=== Records for this exercise ===
^^^^
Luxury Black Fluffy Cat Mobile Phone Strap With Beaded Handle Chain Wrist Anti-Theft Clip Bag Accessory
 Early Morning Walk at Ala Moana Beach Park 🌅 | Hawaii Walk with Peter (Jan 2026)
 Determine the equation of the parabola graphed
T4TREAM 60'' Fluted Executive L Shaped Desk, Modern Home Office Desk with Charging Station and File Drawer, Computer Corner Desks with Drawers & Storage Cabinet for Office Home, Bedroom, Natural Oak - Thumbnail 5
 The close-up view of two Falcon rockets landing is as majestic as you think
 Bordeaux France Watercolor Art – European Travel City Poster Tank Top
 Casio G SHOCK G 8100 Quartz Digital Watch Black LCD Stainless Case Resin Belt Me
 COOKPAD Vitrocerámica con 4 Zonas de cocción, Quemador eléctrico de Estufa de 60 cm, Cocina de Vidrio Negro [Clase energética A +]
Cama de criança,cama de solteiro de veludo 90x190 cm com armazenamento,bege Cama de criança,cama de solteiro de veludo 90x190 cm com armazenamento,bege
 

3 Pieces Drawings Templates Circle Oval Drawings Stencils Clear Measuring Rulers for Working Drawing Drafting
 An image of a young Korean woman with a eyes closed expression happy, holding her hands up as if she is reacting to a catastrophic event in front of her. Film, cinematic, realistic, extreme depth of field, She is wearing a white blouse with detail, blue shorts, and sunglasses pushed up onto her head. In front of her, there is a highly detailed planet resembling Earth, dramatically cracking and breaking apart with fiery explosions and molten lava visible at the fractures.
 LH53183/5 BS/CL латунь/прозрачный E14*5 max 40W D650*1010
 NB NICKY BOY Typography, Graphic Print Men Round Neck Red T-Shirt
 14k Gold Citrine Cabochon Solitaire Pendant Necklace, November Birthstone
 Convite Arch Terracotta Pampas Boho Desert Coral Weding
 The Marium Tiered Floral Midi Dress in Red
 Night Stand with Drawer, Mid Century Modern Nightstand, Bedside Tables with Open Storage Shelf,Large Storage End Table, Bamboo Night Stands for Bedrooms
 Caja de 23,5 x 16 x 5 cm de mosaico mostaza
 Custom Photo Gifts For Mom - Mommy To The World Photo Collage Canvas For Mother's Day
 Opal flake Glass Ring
^^^^
In your answer, include only the lines above starting at the line that holds "The close-up view" and ending at the line that holds "The Marium Tiered Floral Midi Dress in Red", copied exactly.

=== Response to this task ===
 The close-up view of two Falcon rockets landing is as majestic as you think
 Bordeaux France Watercolor Art – European Travel City Poster Tank Top
 Casio G SHOCK G 8100 Quartz Digital Watch Black LCD Stainless Case Resin Belt Me
 COOKPAD Vitrocerámica con 4 Zonas de cocción, Quemador eléctrico de Estufa de 60 cm, Cocina de Vidrio Negro [Clase energética A +]
Cama de criança,cama de solteiro de veludo 90x190 cm com armazenamento,bege Cama de criança,cama de solteiro de veludo 90x190 cm com armazenamento,bege
 

3 Pieces Drawings Templates Circle Oval Drawings Stencils Clear Measuring Rulers for Working Drawing Drafting
 An image of a young Korean woman with a eyes closed expression happy, holding her hands up as if she is reacting to a catastrophic event in front of her. Film, cinematic, realistic, extreme depth of field, She is wearing a white blouse with detail, blue shorts, and sunglasses pushed up onto her head. In front of her, there is a highly detailed planet resembling Earth, dramatically cracking and breaking apart with fiery explosions and molten lava visible at the fractures.
 LH53183/5 BS/CL латунь/прозрачный E14*5 max 40W D650*1010
 NB NICKY BOY Typography, Graphic Print Men Round Neck Red T-Shirt
 14k Gold Citrine Cabochon Solitaire Pendant Necklace, November Birthstone
 Convite Arch Terracotta Pampas Boho Desert Coral Weding
 The Marium Tiered Floral Midi Dress in Red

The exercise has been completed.